16. The method according to any one of claims 13 to 15, characterized in that the neutralized foam meets the criteria mentioned when added to the mixer.

17. The method according to any one of claims 1 to 16, characterized in that the solid bed placed in the mixer contains one or more substances from the group of builders, in particular the alkali metal carbonates, sulfates and silicates, the zeolites and the polymers.

18. The method according to any one of claims 1 to 17, characterized in that the neutralized foam in the weight ratio foam: solid from 1: 100 to 9: 1, preferably from 1:30 to 2: 1 and in particular from 1:20 to 1: 1 is placed on the solid bed placed in the mixer.

19. The method according to any one of claims 1 to 18, characterized in that the surfactant granules have surfactant contents above 10% by weight>, preferably above 15% by weight> and in particular above 20% by weight>, in each case based on the granules, and rubble weights above 600 g / 1, preferably above 700 g / 1 and in particular above 800 g / 1.

20. The method according to any one of claims 1 to 19, characterized in that the surfactant granules have a particle size distribution in which at least 50 wt .-%>, preferably at least 60 wt .-% and in particular at least 70 wt .-% of the particle sizes in Have a range from 400 to 1600 μm.

21. Neutralisate foam, obtainable by combining an anionic surfactant foamed with a gaseous medium in its acid form and a highly concentrated, aqueous alkaline component foamed with a gaseous medium, characterized in that the foam has average pore sizes below 10 mm, preferably below 5 mm and in particular below 2 mm.

22. Neutralisate foam according to claim 21, characterized in that the gaseous medium makes up at least 20% by volume, based on the amount of liquid foamed.

23. Neutralisate foam according to claim 22, characterized in that the gaseous medium makes up one to three hundred times, preferably five to two hundred times and in particular ten to one hundred times the volume of the foamed liquid quantity.

24. Neutralisate foam according to one of claims 21 to 23, characterized in that it comprises combining a foam from an anionic surfactant in its acid form, which optionally contains further, preferably acidic, ingredients of detergents and cleaning agents and a foam from an aqueous alkali metal hydroxide, preferably sodium hydroxide solution, which optionally contains further ingredients of detergents and cleaning agents, in particular nonionic surfactants.
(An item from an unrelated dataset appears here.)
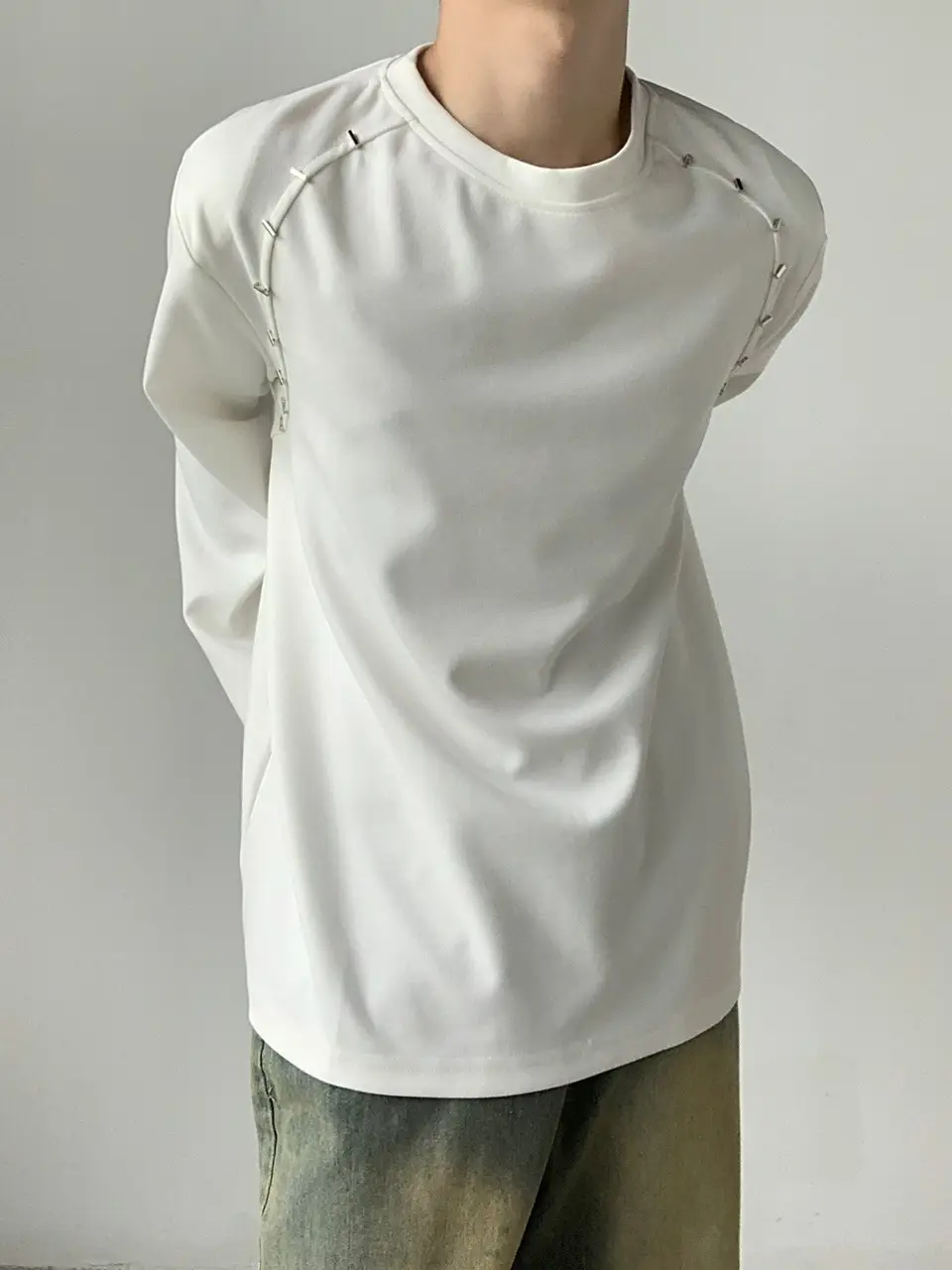 Korean Style Heavy Pad Long Sleeve T-Shirt Black White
25. Neutralisate foam according to one of claims 21 to 24, characterized in that by combining a foam from an anionic surfactant in its acid form, the nonionic surfactants in amounts of 0.1 to 10 wt .-%>, preferably from 0.5 to 7.5 wt .-%> and in particular from 1 to 5 wt .-%, based in each case on the weight of the anionic surfactant foam, and a foam from an aqueous alkali metal hydroxide, preferably sodium hydroxide solution, which may contain further ingredients of detergents and cleaning agents, in particular nonionic surfactants, was obtained.
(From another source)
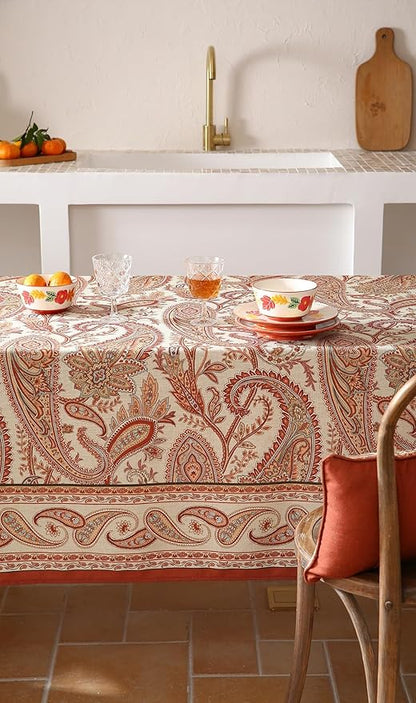 ISAENNE Designer French Red Tablecloth Rectangular,Fall Linen Table Cloth with Cashew Pattern,Stain Proof Decor Tablecloths for Dining Thanksgiving Kitchen Christmas,55"*79"-Chauffrey D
26. Neutralisate foam according to one of claims 21 to 25, characterized in that it was obtained by combining an anionic surfactant foam and a nonionic surfactant-containing sodium hydroxide foam, the sodium hydroxide foam 5 to 80% by weight, preferably 10 to 75% by weight and in particular 25 up to 70 wt .-%> nonionic surfactant, based in each case on the weight of the sodium hydroxide foam.
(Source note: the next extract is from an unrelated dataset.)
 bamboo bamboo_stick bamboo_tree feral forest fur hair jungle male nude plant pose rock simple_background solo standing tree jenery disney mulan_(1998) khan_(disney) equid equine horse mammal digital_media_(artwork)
27. Neutralisate foam according to one of claims 21 to 26, characterized in that it contains surfactant contents of 20 to 99% by weight, preferably 60 to 95% by weight and in particular 70 to 90% by weight, in each case based on the Weight of the foam.

28. Use of neutralized foams according to one of claims 21 to 27, as a granulation liquid in the production of surfactant granules.